BERKELEY LABORATORY RESEARCH COMPUTING
Berkeley Lab provides Lawrencium, a 860-node (12,372 computational cores) Linux cluster to its researchers needing access to computation to facilitate scientific discovery. The system, which consists of shared nodes and PI-contributed Condo nodes, has a theoretical peak performance rating of 250 teraflops, and has access to a 1PB parallel filesystem storage system. Large memory, GPU and Intel Phi Knight's Landing nodes are also available for users to try.

SCIENTIFIC CLUSTER SUPPORT

HPC Services offers comprehensive Linux cluster support, including pre-purchase consulting, procurement assistance, installation, and ongoing support for PI-owned clusters. Altogether the group manages over 30,000 compute cores and 824 users across 161 research projects for the Lab. Our HPC User Services consultants can help you to get your application running well to make best use of your new cluster. UC Berkeley PIs can also make use of our services through the new Berkeley Research Computing (BRC) program available through UC Berkeley Research IT.

NEWS
Nov 14, 2016 - LBNL Singularity wins HPCWire's Editors' Choice Award
At SC16 in Salt Lake City, Tom Tabor, publisher of HPCWire, presented Greg Kurtzer, for his work on Singularity, with HPCWire's 2016 Editor's Choice Award for one of the Top 5 new Technologies to Watch. These annual awards are highly coveted as prestigious recognition of achievement by the HPC industry and community. Staffer Krishna Muriki, along with Kurtzer, also ran two standing room only Singularity tutorials at the SC16 Intel Developers Conference.

Nov 11, 2016 - Juypter Notebook now available on Lawrencium
Jupyter Notebook is a useful web application that allows you to create and share documents that contain live code, equations, visualizations and explanatory text. We've extended Juypterhub so that it can now leverage the Lawrencium cluster resource in order to support code needing high performance computing and to reduce turnaround time. Lawrencium users can go to our online documentation see how to get started. 


Oct 20, 2016 - LBNL Singularity featured in HPCWire
This week's issue of HPCWire features Singularity - a user-space container solution designed for HPC. Developed by LBNL architect Greg Kurtzer, Singularity,  is a platform to support users that have different system environment needs than what is typically provided on HPC resources. Users can develop on their Ubuntu laptop and then package up and run their Singularity container on a Linux cluster running a different operating system. What is different about Singularity is that it leverages a workflow and security model that makes it viable on multi-tenant HPC resources without requiring any modifications to the scheduler or system architecture. Read more.
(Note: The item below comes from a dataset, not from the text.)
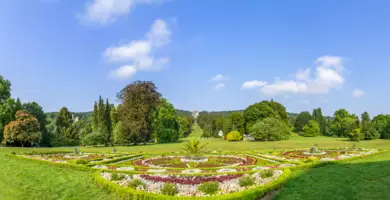 Parkanlage mit runden Blumenbeeten.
Apr 3, 2016 - HPCS at Lustre Users Group Meeting 2016
HPCS Storage Lead John White will be giving at talk this week at the annual Lustre Users Group 2016 conference. John's presentation will provide an introduction to the challenges involved in providing parallel storage to a condo-style HPC infrastructure.
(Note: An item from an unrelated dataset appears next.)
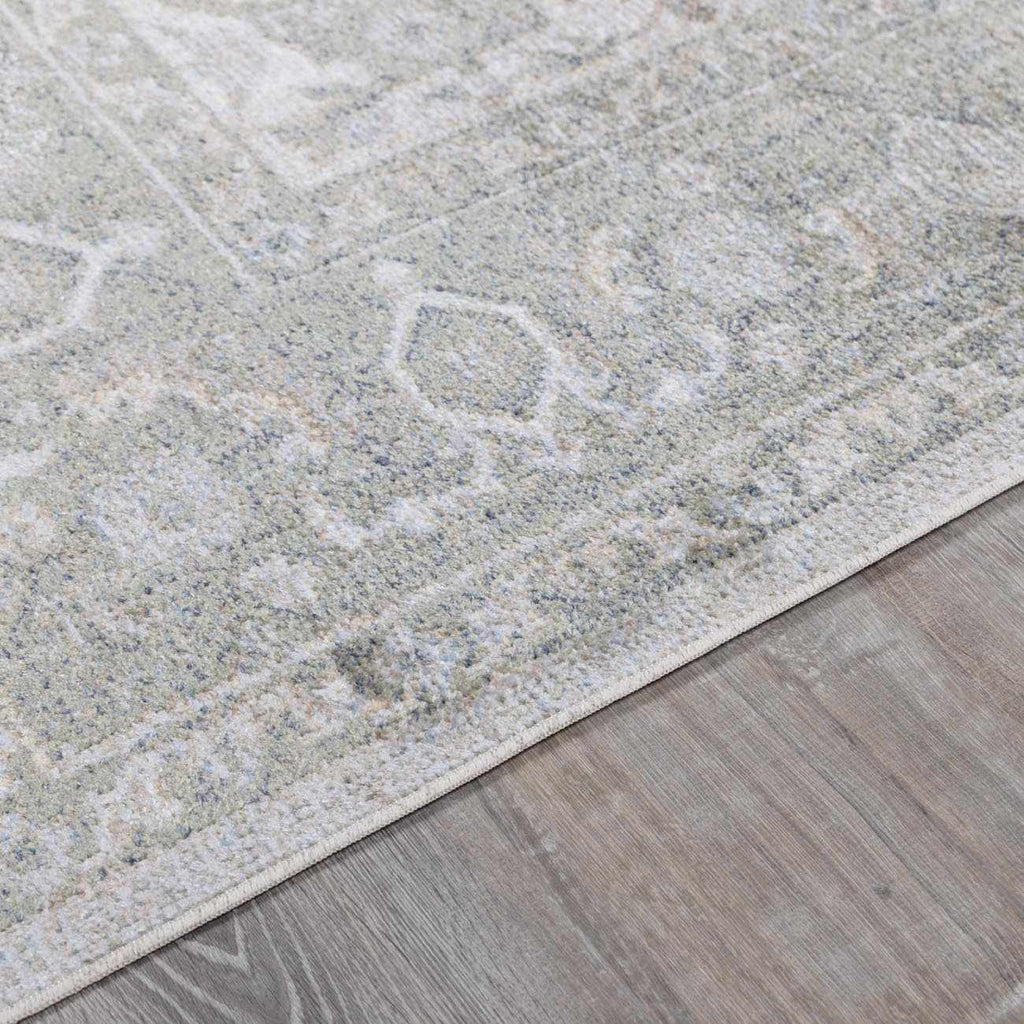 Close-up of a textured gray rug on a wooden floor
Mar 22, 2016 - Run on Lawrencium for Free - New Low Priority QoS
We are pleased to announce the “Low Priority QoS (Quality of Service)” pilot program which allows all users to run jobs requesting up to 64 nodes and up to 3 days of runtime on the Lawrencium Cluster resources at no charge when running at a lower priority. Users should check the Lawrencium user page for specific instructions for submitting jobs to the new QoS.

Feb 25, 2016 - Meet Climate Scientist Jennifer Holm
Climate scientist Jennifer Holm with the Climate and Ecosciences Division uses Lawrencium to run simulations for the DOE-funded NGEE Tropics project which studies how tropical forests are going to respond to a changing climate. See the Lab's facebook post here.

Feb 1, 2016 - Lawrencium LR4 Haswell Compute Partition
We recently announced the availability of the new Lawrencium LR4 Haswell compute partition which consists of 108 ea. compute nodes with the new Intel Haswell processors which can execute twice as many floating point operations per clock as compared to the previous Ivybridge processors. As before, researchers can purchase Haswell compute nodes to add to Lawrencium Condo and they will receive free cluster support in exchange for their excess cycles. Interested parties should contact HPCS manager Gary Jung.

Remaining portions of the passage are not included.